"In another life," she was fond of saying, all dimples and robust cheeks as she worked, "I was a fool in some Orlesian court."
Sometimes she claimed a harlequin for the Queen of Orlais herself, or a mime or a clown in Antiva, or a jester at the side of the king in Ferelden. Never a bard or a minstrel, nor even a storyteller—leave that to the dwarf and to the Nightingale.
Today, though, today she was a fool, even as she smoothed a map over the table in what was dubbed the War Room, passing the comment over her shoulder with a grin.
Cullen shook his head, arms folded, leaning slightly against the table's edge. "For some reason, I don't doubt it."
"It's my irresistible charm," Leona assured, twirling a compass and charcoal between her fingers.
"Somehow I doubt fools are kept for their charm, Inquisitor."
She shook her head. "That's exactly why they're kept. Why so formal, Cullen?" Leona carefully marked out a small circle where the newest intelligence-gatherer had been sent. No word yet. "If I didn't have magic," she mused, "I can tell you I'd be charming the gold off a bunch of nobles instead of waging war against demons."

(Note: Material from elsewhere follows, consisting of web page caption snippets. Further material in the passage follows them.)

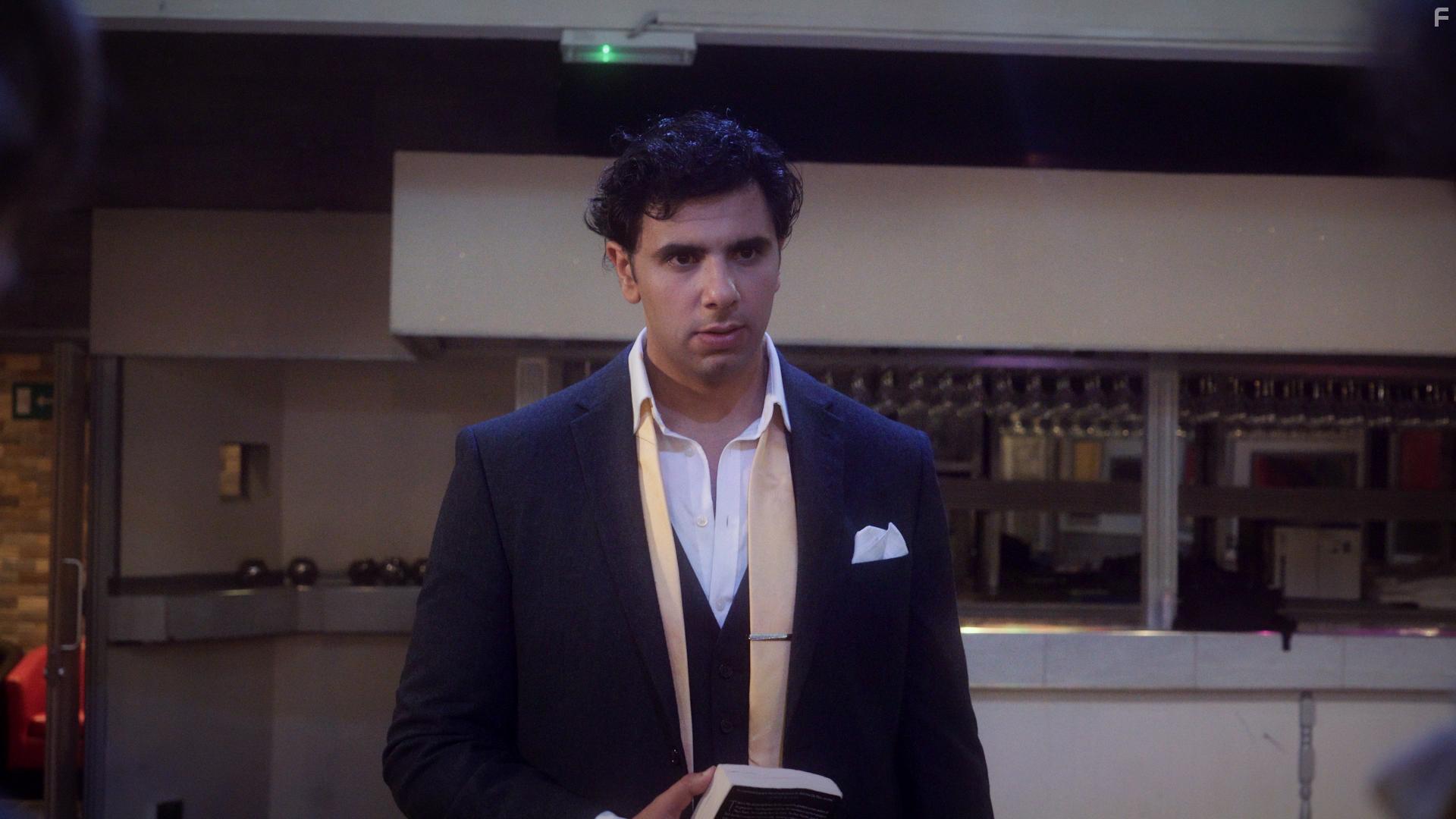 Nisaro Karim in Bluff (2022)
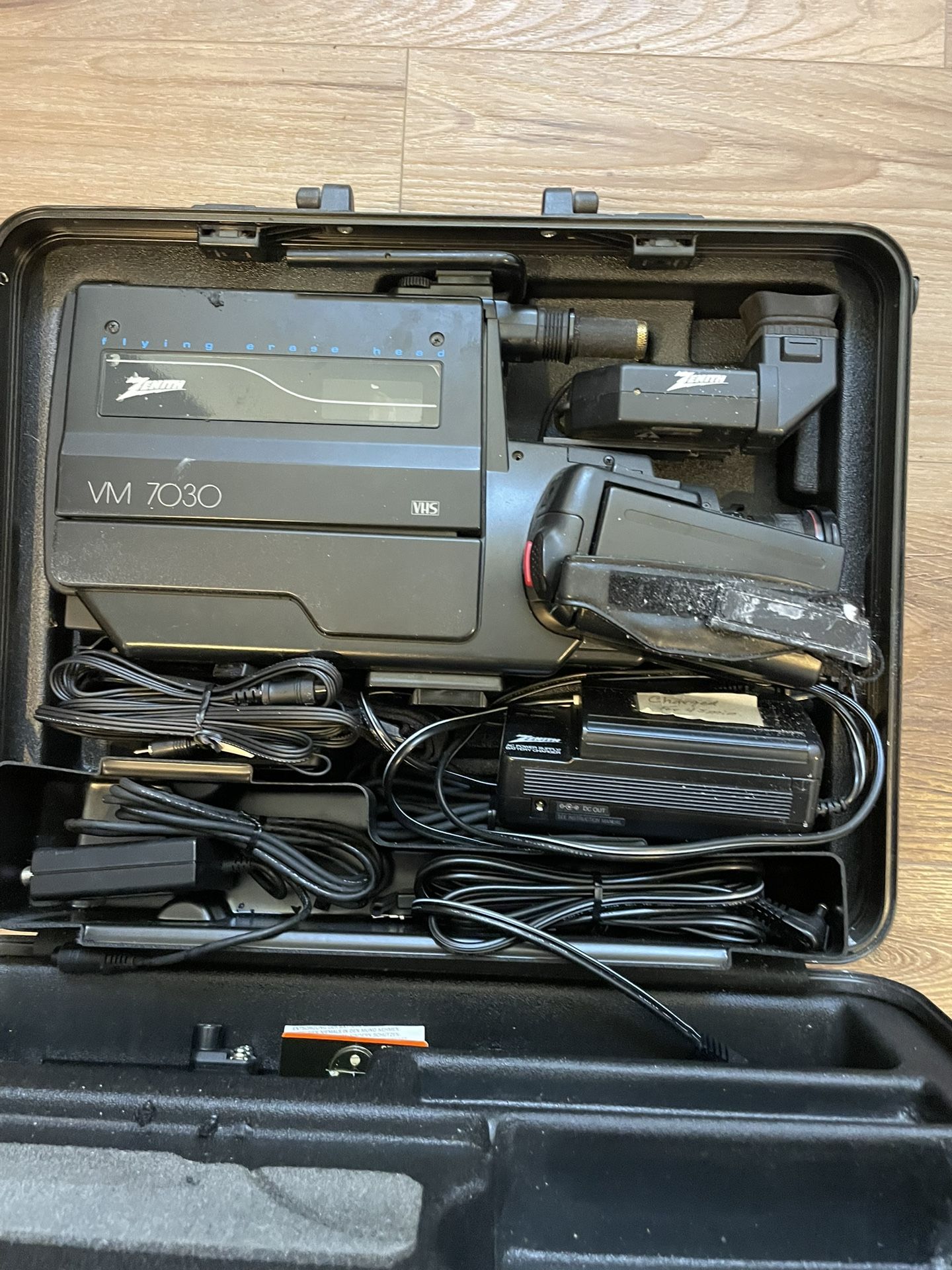 Zenith VM 7030 Camcorder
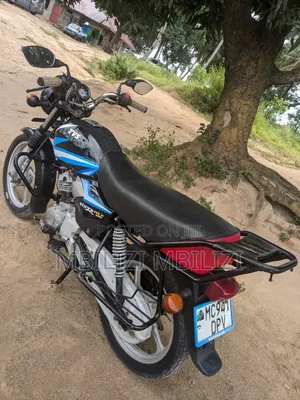 TVS HLX 125 2024 Black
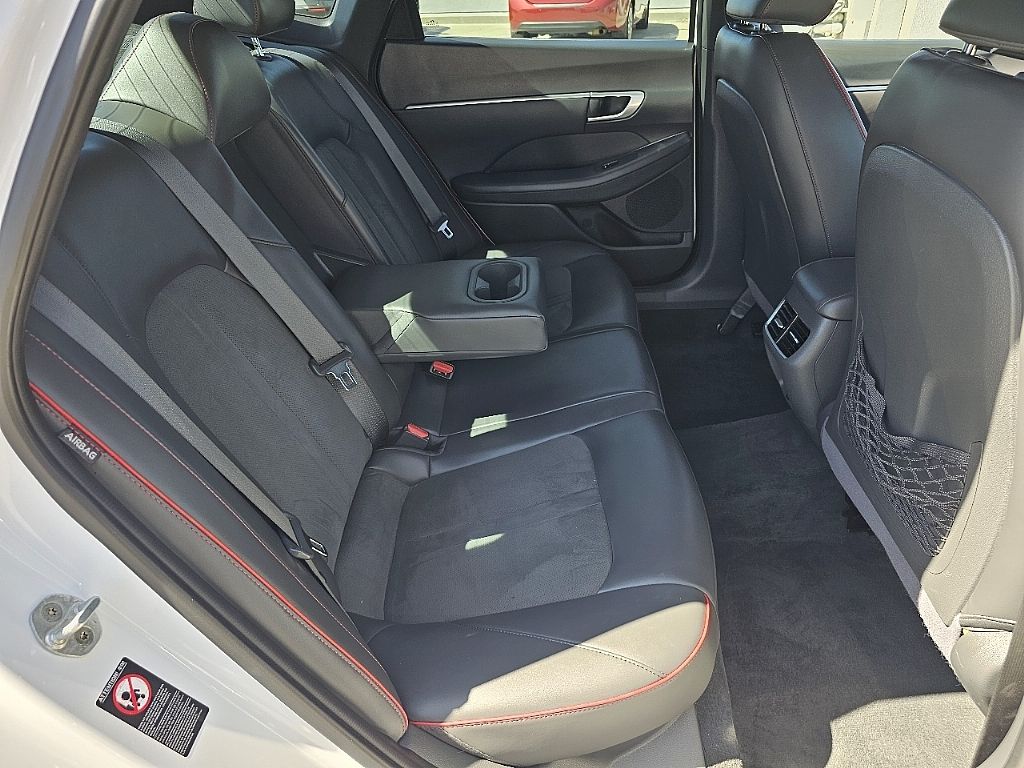 2021 Hyundai Sonata SEL Plus photo 16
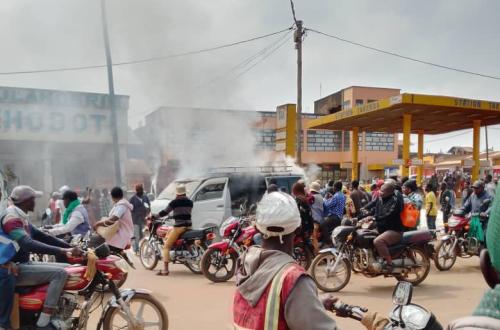 Un mini-bus de transport en commun prend feu avec des clients à bord sans faire des victimes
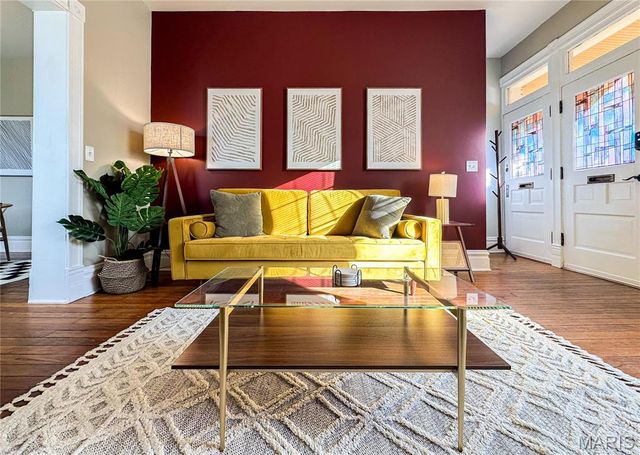 4307 Chouteau Avenue, St Louis, MO 63110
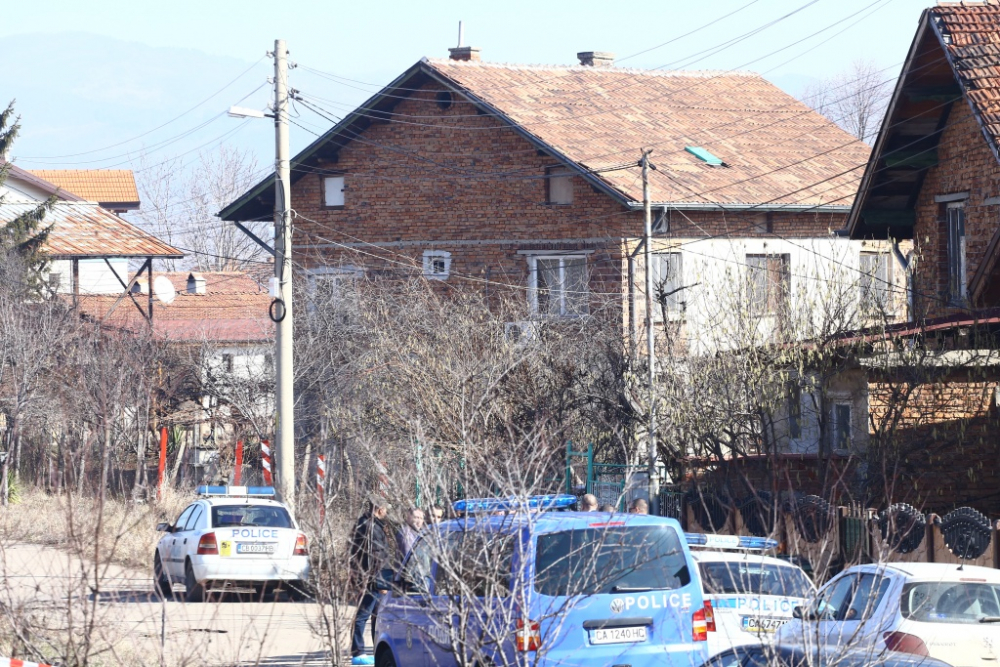 Първи СНИМКИ и ВИДЕО от Къщата на ужасите в Нови Искър 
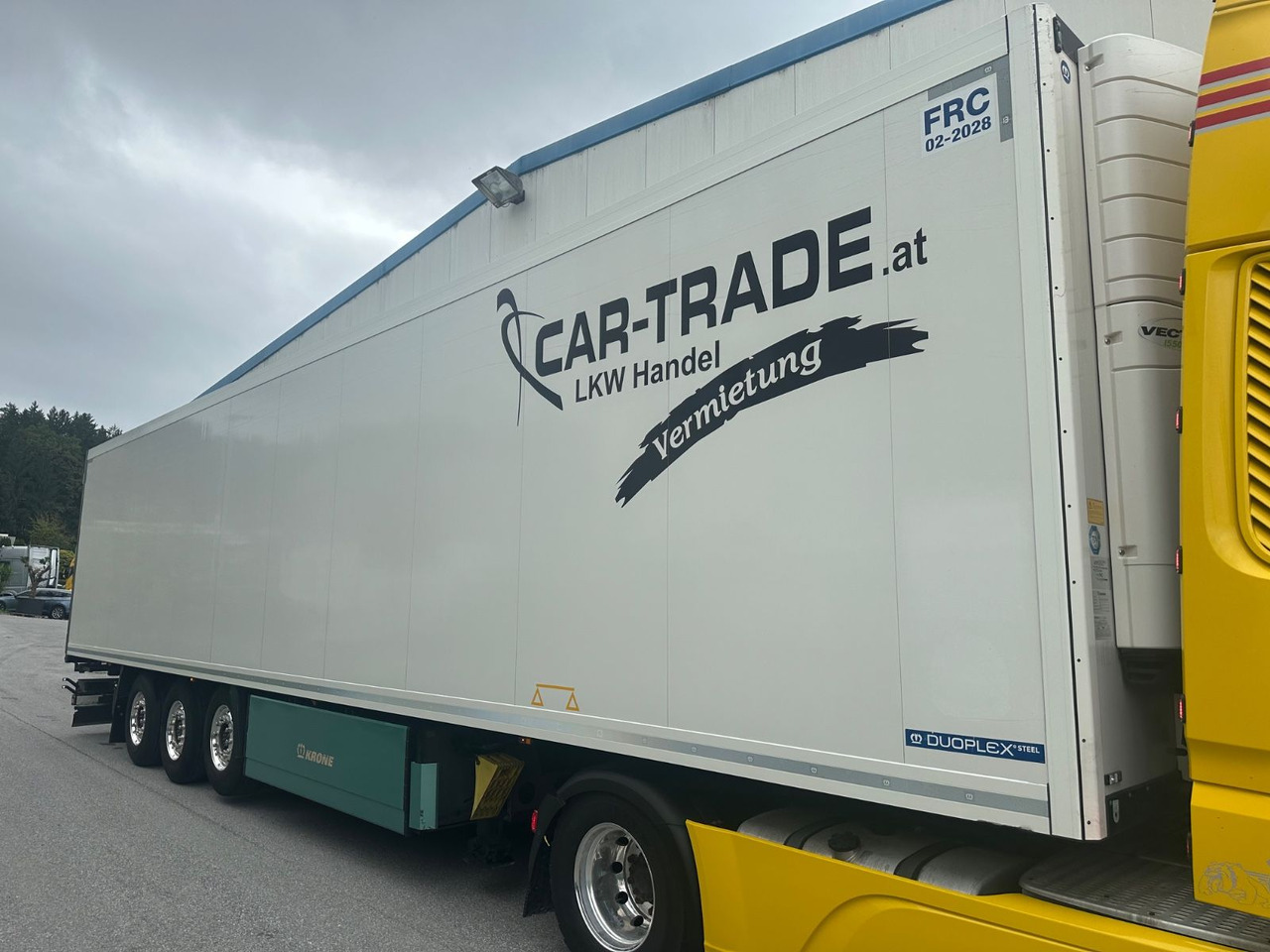 Krone SDR 27 Vector 1550 Doppelstock/Blumenbreit - بصندوق مغلق نصف مقطورة: صور 2 Krone SDR 27 Vector 1550 Doppelstock/Blumenbreit - بصندوق مغلق نصف مقطورة: صور 2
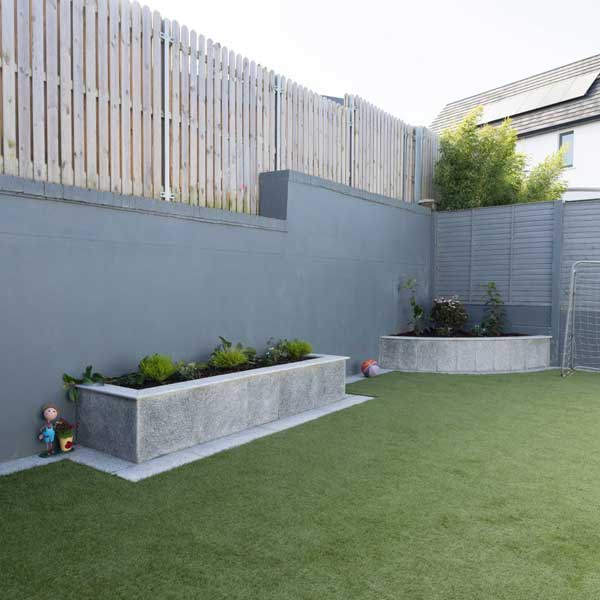 How Fencing Complements Your Hardscape 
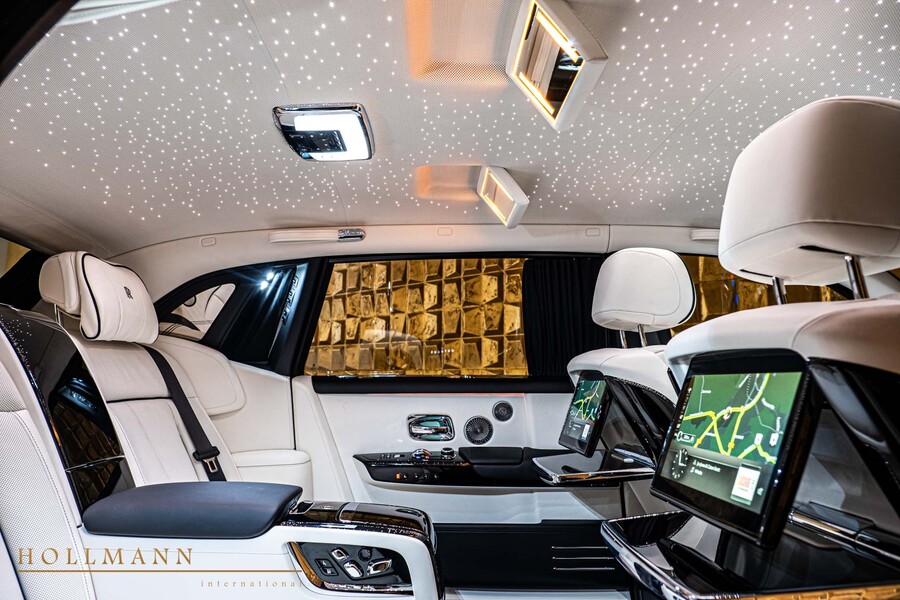 Vehicle view 25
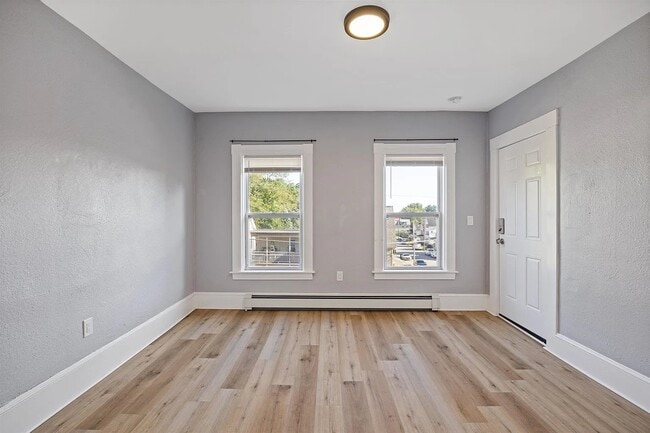 496 Bartlett St Unit 2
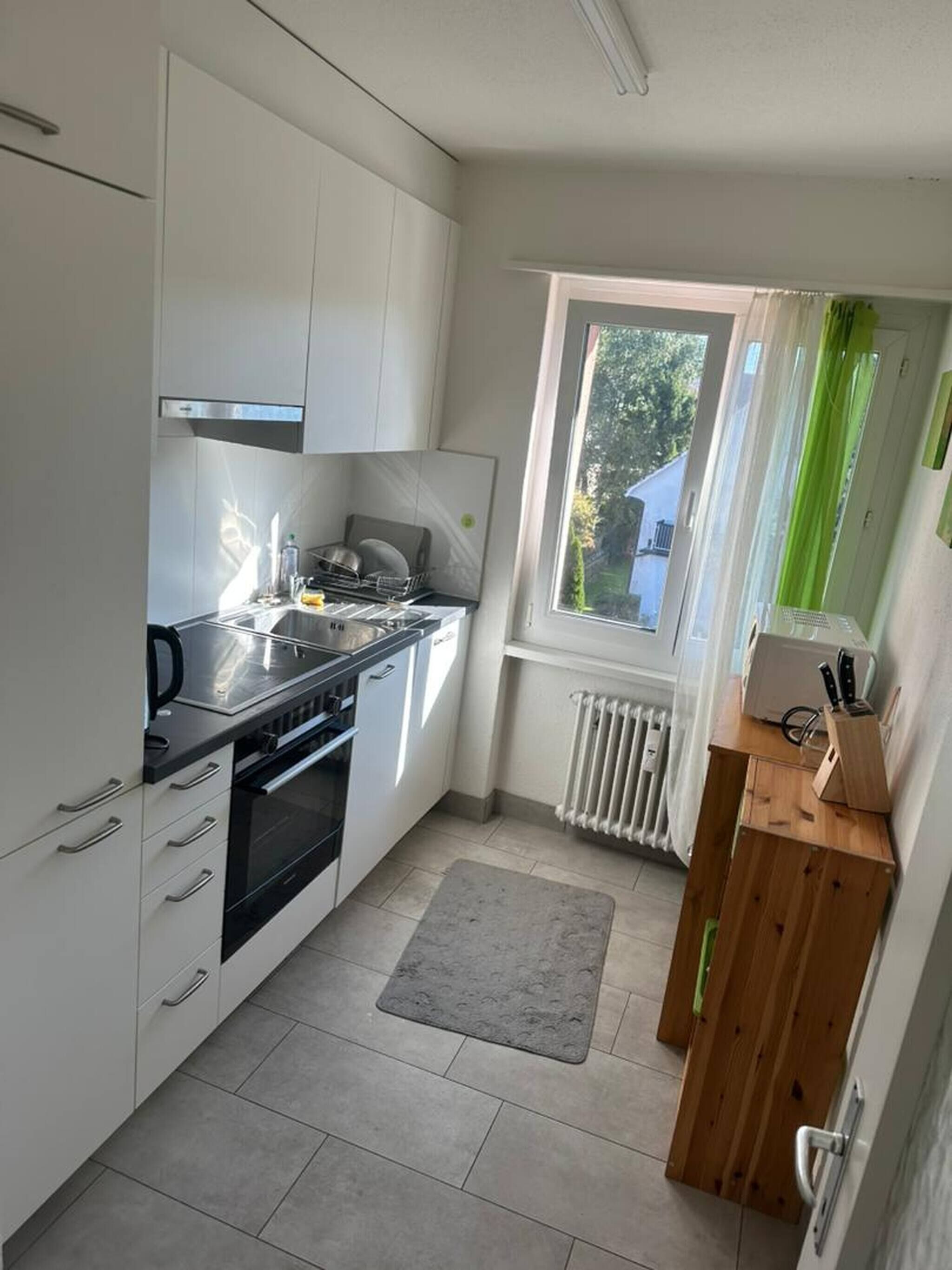 Frigorífico, placa de cocina, lavavajillas y cafetera o tetera
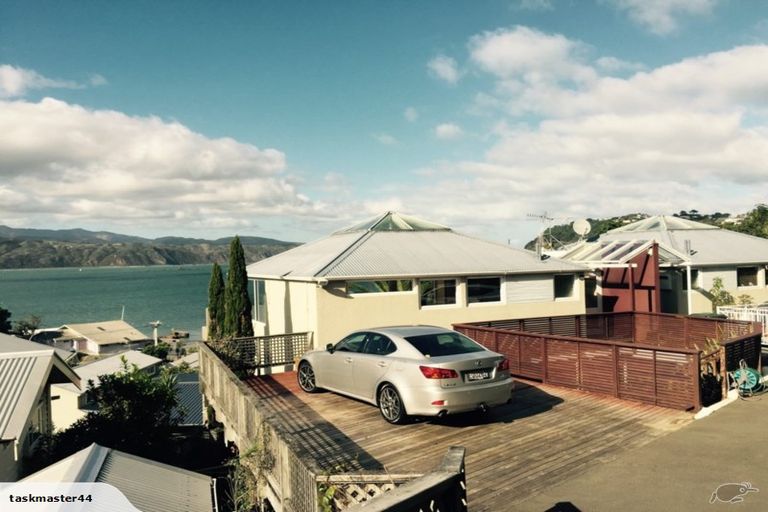 Photo of property in 90b Awa Road, Seatoun, Wellington, 6022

Among other things. The thought sprang unbidden to Cullen's mind as Leona leaned deliberately over the table, contours of her robe stretching rather appealingly—
His gaze snapped away—anywhere else. The arched ceiling, the bookcases full of tomes on strategy, the shuttered windows, the map-no not there. She was grinning. As though she knew. Maker help me.
"Something troubling you?"
"Now, Knight-Commander, you know you can speak to me with perfect candor."
Oh—oh, Maker. She was approaching.
And she was doing something with her hips on each step, Andraste save his soul.
"Inquisitor, you should really—"
"Really should refrain? But rhyme is a harmless pastime."
It wasn't the silly rhymes he was worried about, suddenly clumsy in his armor as he stumbled back across the flagstones.
She grinned. "I know proper poetry, as well. 'All ye that lovely lovers be/Pray you for me:/Lo, here we come a-sowing, a-sowing/and sow the sweet fruits of love…' "
The door was in sight.
"Or do you prefer the Chant of Light?" Her grin was positively salacious.
Cullen's cheeks reddened. "I should go, I think, Inquisitor—I bid you good aft—"
"Whoa, where do you think you're going, Paladin?" He almost stumbled right over Tethras.
"Pardon me, serah." Cullen clasped his hands tightly behind his back and chanced a glance back at Leona, but her face was perfectly impassive; she leaned against the table as though nothing whatsoever had occurred.
The dwarf raised his brows at Leona. "Well, don't let me interrupt: 'In your sweet hearts, well may it prove!'"
The Inquisitor gave a delighted giggle. "Oh, you're familiar with Peele!"
"My lady, I'm familiar with any poet who writes risqué poetry… though on the scale of dirty verses, that one is laughably mild."
Cullen fought the urge to bury his face in his hands. "Please don't encourage her."
But Tethras just grinned and reached up to elbow his ribs. "Should I start calling you loverboy from now on? I can teach you some verses so you'll be able to keep up with your lovely lady…"
"I didn't want to overwhelm him, Varric, but maybe next time it would be a good idea to—" Leona fixed him in a burning gaze, and by the Maker, Andraste, and all that is holy, it was positively unclean and he braced himself for whatever was next "—ease in with something a little more forward, perhaps a bit lengthier next ti—"
"BY ANDRASTE, I BID YOU GOOD AFTERNOON."
The dwarf and the mage stood and watched an exasperated Templar march through the door, cheeks red enough to put a blushing maid to shame, armor clanking as he went.
Leona pursed her lips. "Too much?"
"Too much," Varric agreed.
She heaved a put-upon sigh. "Next time, let's try a more forward approach. Less talking."
"You're on your own with that one, Inquisitor."